And there I was, once again, yearning for adventure. I searched through sites and forums, looking for something that peaked my interest. After a couple of weeks, I had found three (well, really four) games: Arcanum, Gothic I and II, and Sacred.
I had to start somewhere, so I chose to play Arcanum first.
Arcanum: Of Steamworks and Magick Obscura, was published by Sierra Studios and developed by Troika. It was released on August 21st of 2001 in the US. The concept of the game is that technology has emerged in an ancient world of (magick,) populated by elves, humans, orcs, and dwarves. As you might imagine, in a world where technology is on the rise, the ways of old may begin to fall, and there will be those who are made uneasy by this industrial revolution.
By most accounts, Arcanum is a true RPG, with lots of room for character development, along either technological or magical lines. Your character choices affect the gameplay in this large and nonlinear world. You can be stealthy, combative, or persuasive. You can cast spells or fire guns, travel alone or in a party, with a variety of NPCs to choose from. There are hundreds of unique characters and monsters that you can encounter as you immerse yourself in this unique world.
Arcanum takes place in a Victorian-style setting, accentuated by the softly playing string music in the background and the 19th century dress of the cities' inhabitants. Tones of gray and brown predominate, and the pistol is as common as the sword. Various races populate the growing cities and various factions vie for power. The game world is well developed, with a rich history and thoughtful plot development.
From the opening movie, which has the feel of a silent film from the early days of cinema, the game immediately comes off as intelligent and quaint. You will find yourself the victim of a crash, in possession of a ring of unknown origin. Following the leads as they arise, you will be drawn into the history of Arcanum and the forces that are at work all around you. There will be power plays, romance, and danger; you can assemble a large party of followers, own a huge estate, and build technological marvels from scraps of metal and simple chemicals. There is still magic in the air, so take heed the arcane has not vanished beneath the concrete, but still contends for power in this dynamic game.
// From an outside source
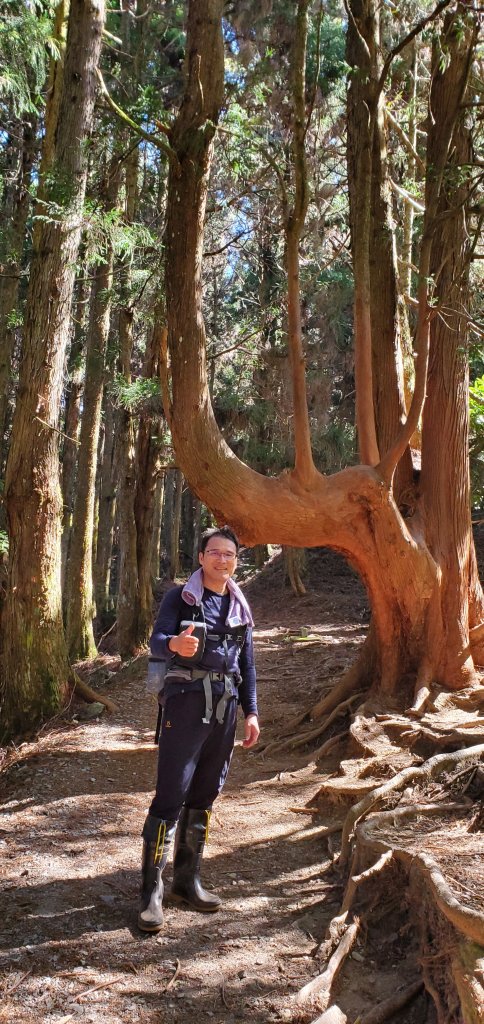 谷關七雄_新山馬崙山(八壯士來回)_2353148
In true RPG style, you get quite a bit of say in whom you play and how your character develops. There are no classes in Arcanum. You have 8 basic statistics (strength, intelligence, etc.) and their derived statistics (hit points, heal rate, etc.). There are four skill areas combat, thieving, social, and technological with various specific skill areas in which you can improve, rising from apprentice to expert and finally to master level status.
Those who are of technological inclination will have 8 technological disciplines and their many degrees to choose from, while those of a more magical persuasion have 16 colleges of magic to train in, each with its own set of spells. Your choice of orientation will affect your ability to use items (magical types aren't so good with rifles, and industrial types won't gain the full benefits of using an enchanted weapon) and your interactions with other characters.
Of course, you get to pick your race, face, name, and gender, but Arcanum throws another choice your way: your background. While you can choose to have a background of no significance, you can also choose from some colorful options to add flavor to your character. Any special background you choose will have a positive and negative impact. You can for example, choose to be a (disenfranchised gnome,) which will improve your strength, but impair your haggling skills, you can be hydrophobic, a bookworm, an arsonist, or a feral child, among many others each with its own pros and cons. Half the fun is just scrolling through the choices.